Vu que les statuts de l'Internationale communiste et de ses sections se fondent sur le principe du centralisme démocratique et garantissent suffisamment le développement régulier et normal de chaque parti communiste, la séance plénière considère comme injustifiée la démission de plusieurs membres du comité directeur élus au congrès de Marseille, indépendamment des mobiles politiques de ces démissions. L'abandon des postes confiés par le parti peut être interprété, par les masses du parti, comme l'affirmation qu'il est impossible de collaborer régulièrement entre représentants de nuances différentes, à l'intérieur des cadres du centralisme démocratique et peut servir d'impulsion à la formation de fractions à l'intérieur du Parti.
La séance plénière du comité exécutif exprime sa conviction absolue que la lutte contre les manifestations susindiquées des tendances anticommunistes sera menée par la majorité écrasante du parti et par toutes les institutions dirigeantes du parti. Considérant que la formation de fractions ferait inévitablement le plus grand tort au développement du parti et porterait atteinte à son autorité parmi le prolétariat, une séance plénière du comité exécutif prend connaissance avec satisfaction de la déclaration de la délégation française, suivant laquelle le comité central est prêt à prendre les mesures d'organisation nécessaires pour que la volonté du congrès de Marseille soit exécutée jusqu'au bout et intégralement, et que les camarades qui avaient démissionné fassent de nouveau partie de la direction du parti pour y accomplir un travail régulier et sans discorde.
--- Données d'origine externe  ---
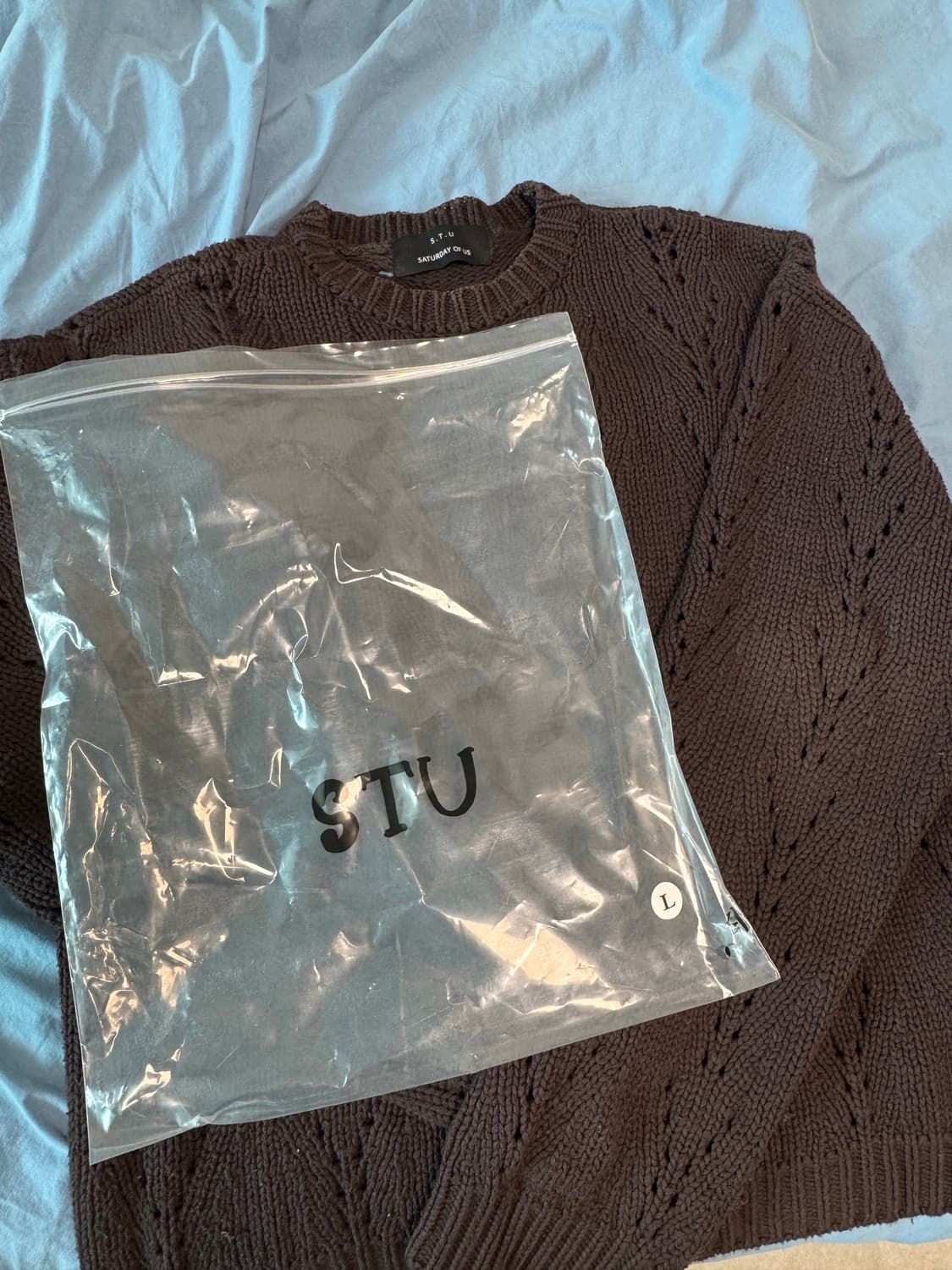 STU Y커팅 니트 브라운 OS 상품이미지2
A la Conférence, la résolution et les commentaires oraux qui en furent faits par Trotsky furent adoptés sans débat.
Il est proposé par la délégation d'entente avec l'Exécutif que, conformément aux décisions de Marseille, Souvarine reste à Moscou. Il lui est adjoint un co-délégué. Sellier accepte provisoirement de remplir la fonction, en attendant que le Comité directeur ait fait choix de son remplaçant.
Pour le Praesidium, Zinoviev propose que les deux délégués de la France soient appelés à y siéger au même titre. Souvarine juge impossible pour lui d'accepter cette proposition. Il donne sa démission publiquement. Le bureau la refuse. Quarante-huit heures après, il retire sa démission,
Tel est, camarades, le compte rendu, aussi fidèle que possible, des débats relatifs à la question intérieure française et les conclusions que nous vous soumettons. Nous nous sommes inspirés exclusivement, en les formulant, en les défendant à Moscou comme ici, de l'intérêt du Parti, du rétablissement de son unité morale, de sa dignité et aussi du souci de fidélité à la IIIe Internationale.